• [Task directions]
The result is the exact lines from the one containing "Оникс Шкаф-купе комбинированный" through the final line of the entries; leave out the pictures.

[Short web captions]
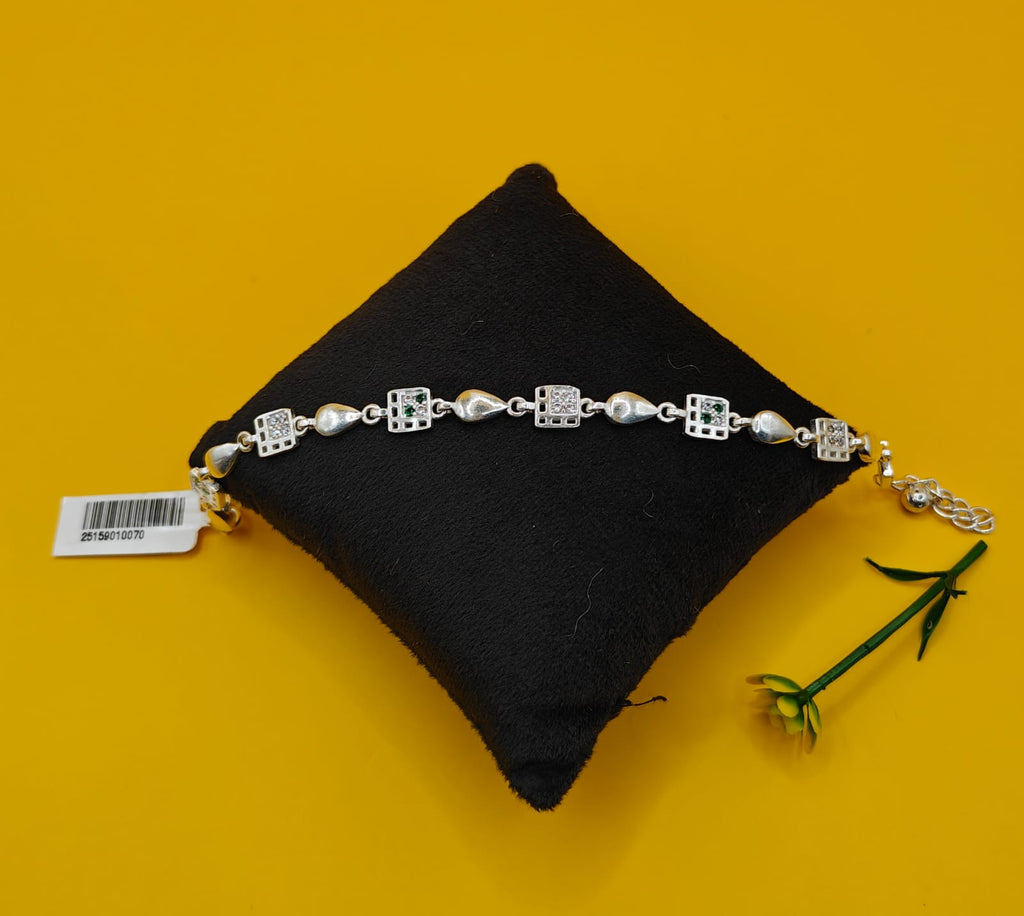 Fancy Ladies Bracelet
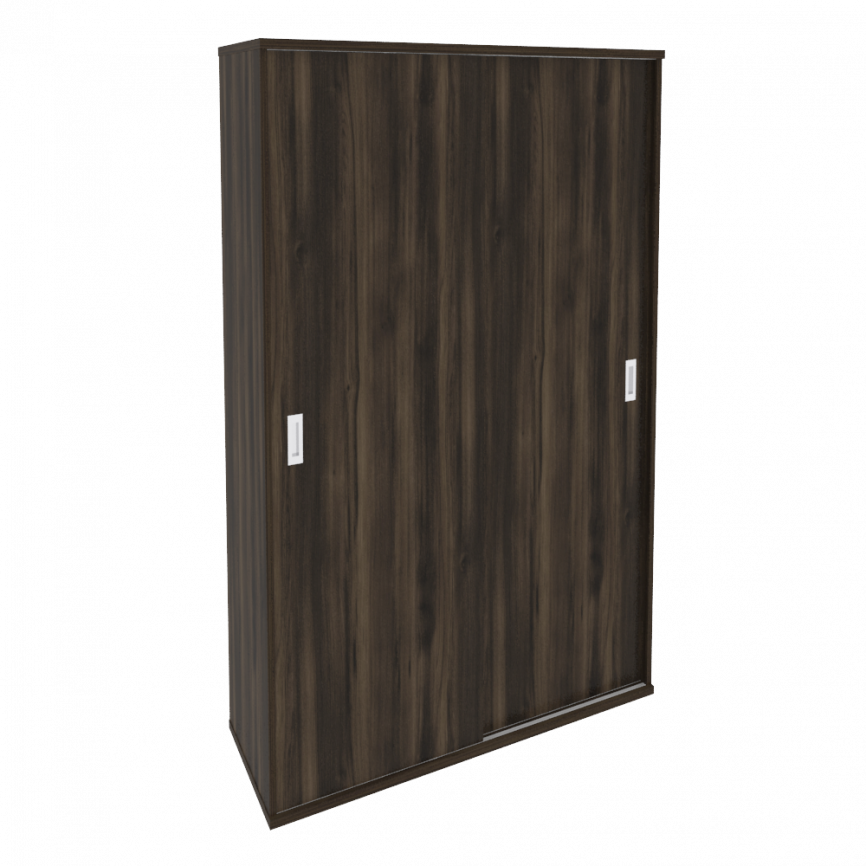 Оникс Шкаф-купе комбинированный O.SHK-1.2 T Дуб Мали 1200*420*1977 фото 11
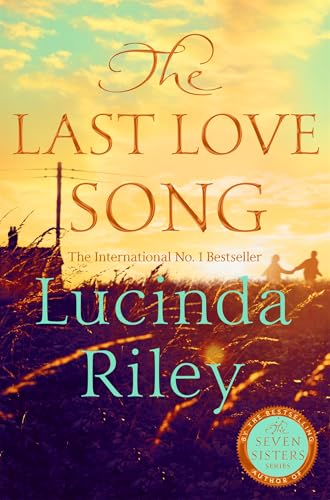 The Last Love Song: A gripping mystery of music, fame, and... - Livres & eBooks Amazon Royaume-Uni à 1.99€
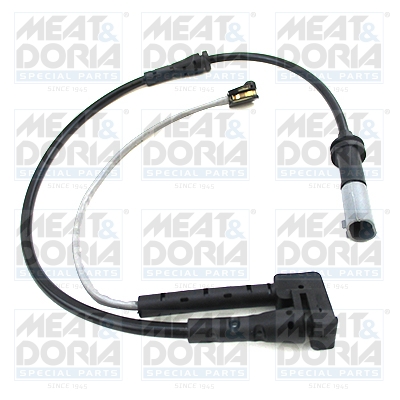 Slijtage indicator Meat Doria 212118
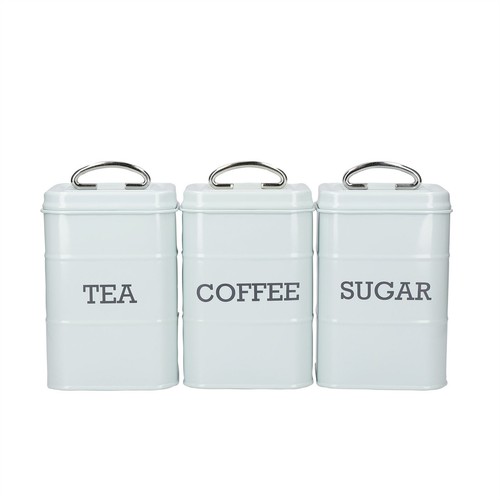 Living nostalgia steel - steel, tea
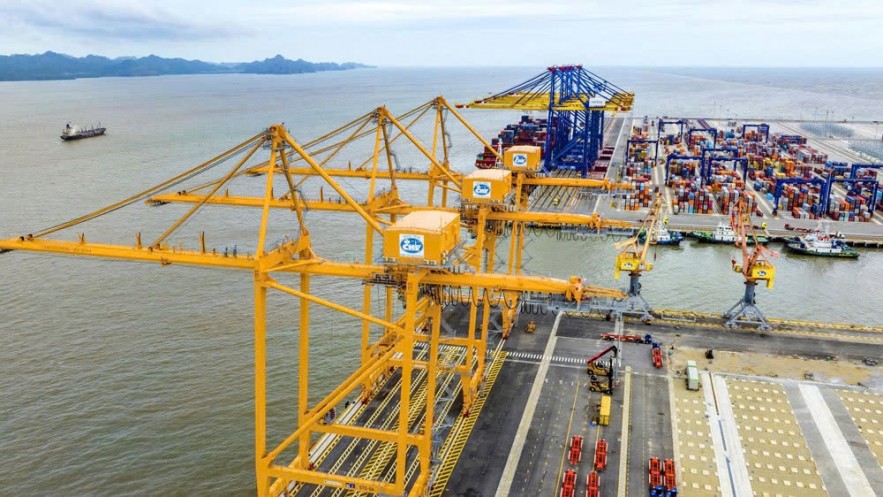 Bồi đắp nội lực vượt biến động, tạo động lực cho chu kỳ tăng trưởng cao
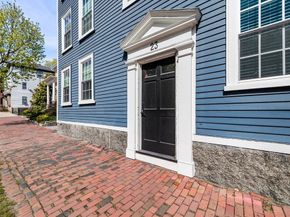 23 Summer Street 3, Salem MA 01970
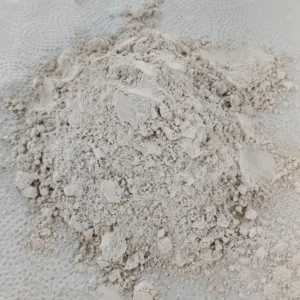 Kaolin Kili, Doğal (Kaolen)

• [Answer to this exercise]
 Оникс Шкаф-купе комбинированный O.SHK-1.2 T Дуб Мали 1200*420*1977 фото 11
 The Last Love Song: A gripping mystery of music, fame, and... - Livres & eBooks Amazon Royaume-Uni à 1.99€
 Slijtage indicator Meat Doria 212118
 Living nostalgia steel - steel, tea
 Bồi đắp nội lực vượt biến động, tạo động lực cho chu kỳ tăng trưởng cao
 23 Summer Street 3, Salem MA 01970
 Kaolin Kili, Doğal (Kaolen)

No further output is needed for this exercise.